La guerre en Ukraine pourrait s’enliser pendant plusieurs années…

La guerre est déjà en train de s’enliser. Je ne vois pas de fin prédictible. A un moment donné, on pourrait voir le pouvoir russe passer à l’étape supérieure. Si le format de l’opération spéciale prouve ne pas fonctionner, et on n’en est pas très loin, ils passeront à l’étape supérieure. En décrétant des formes plus larges de mobilisation.

Ce qui correspondrait à quoi ?

Côté russe, il s’agirait d’accélérer l’effort sur la région de Kharkiv.
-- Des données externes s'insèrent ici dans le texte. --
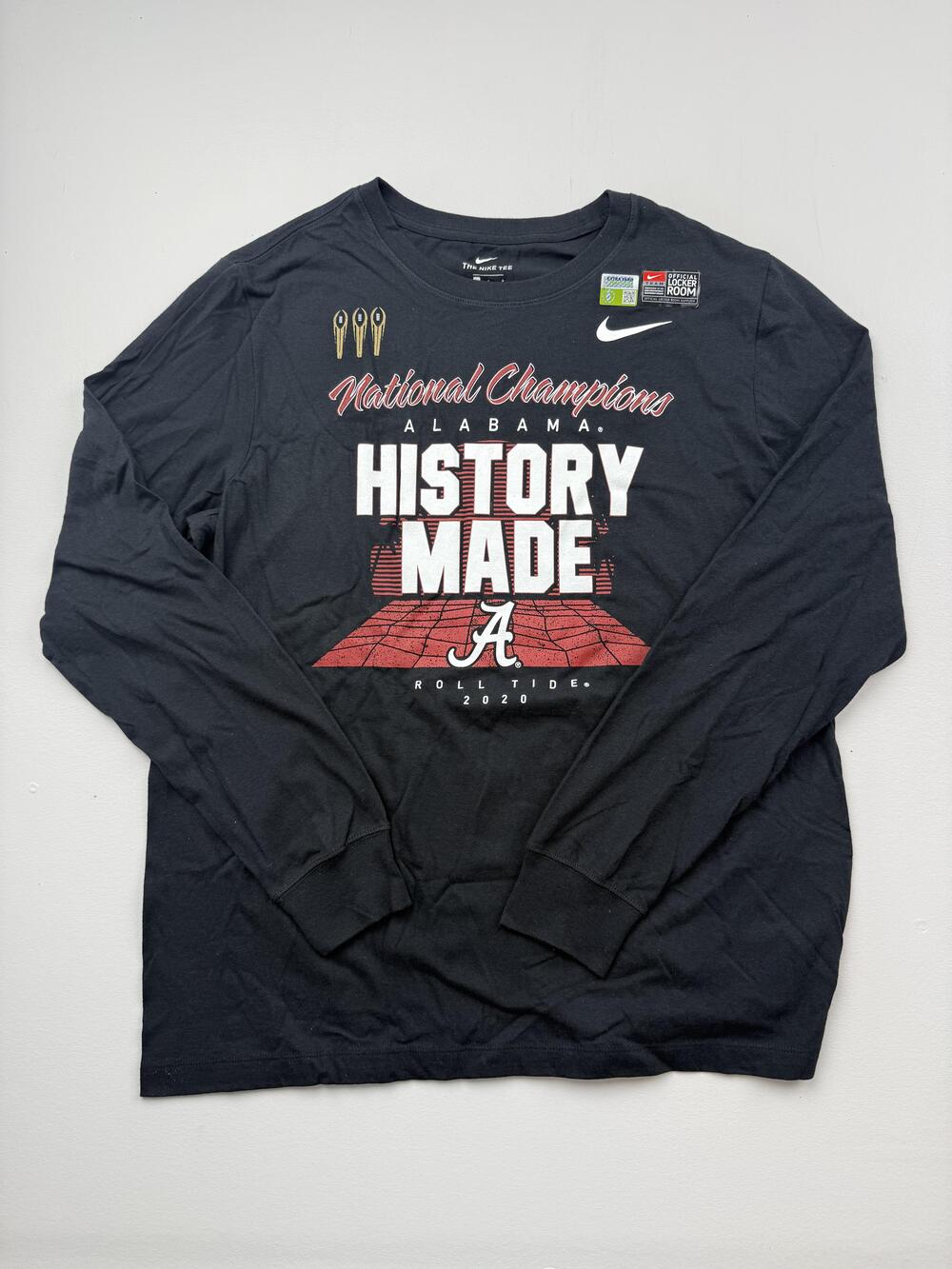 Alabama Crimson Tide Shirt Mens Large Black NCAA Football Nike 2020 Champs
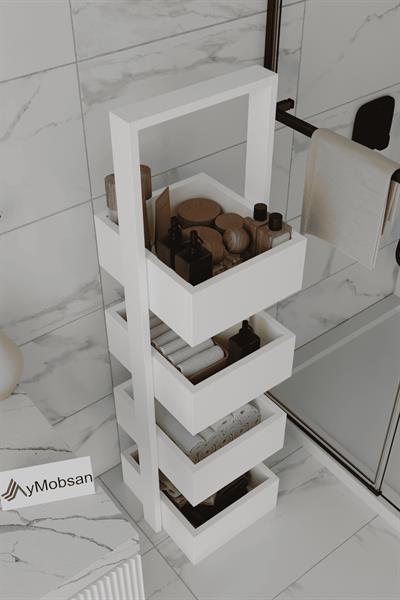 Multi Çok Amaçlı Banyo Rafı Sepetli Çok Amaçlı Raf 4 Raflı 120 cm - Beyaz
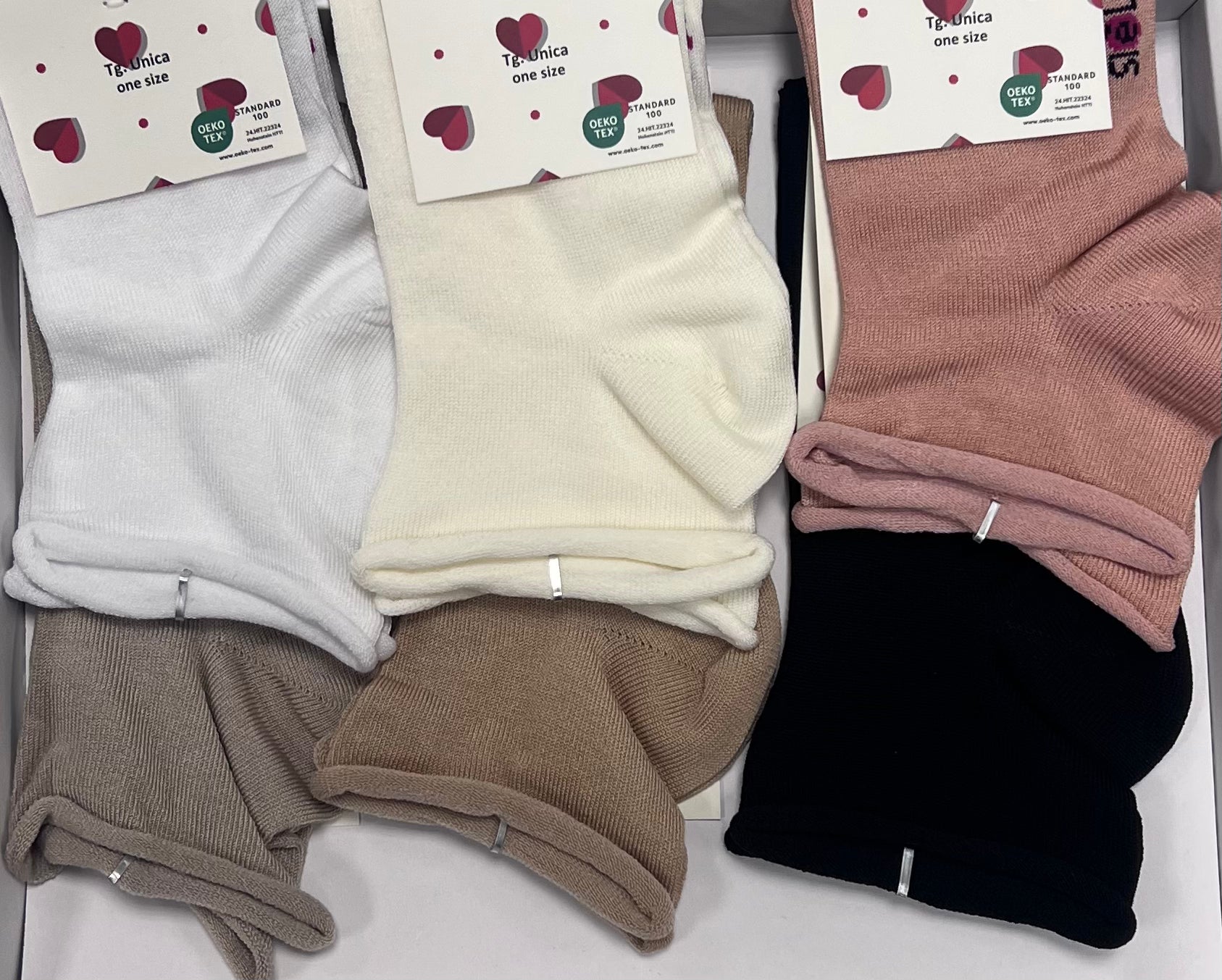 Confezione da 6 paia di calzino donna taglio laser in cotone Sièlei TT01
On n’est d’ailleurs pas très loin de cette situation. Les Russes sont chaque jour en train de bombarder de manière massive la ville. Des percées russes depuis le Donbass vers la ville sont également tentées. Jusqu’à présent, elles ne fonctionnent pas.

Côté ukrainien, on pourrait voir l’accélération de la contre-attaque dans la région de Kherson. Et une intensification des bombardements ukrainiens ou des ciblages sur la Crimée.

Donc, la guerre en Ukraine donne lieu à sorte de neutralisation des fronts. On est en train de se figer dans une guerre qui n’est pas du tout terminée, qui continue mais qui stagne. Pour l’instant, il n’y a pas de scénarios de sortie, à moins de voir l’Ukraine baisser sa volonté de résister. Et d’un autre côté, des Occidentaux qui mangent leur chapeau et qui sont prêts à accepter les demandes extravagantes de Vladimir Poutine.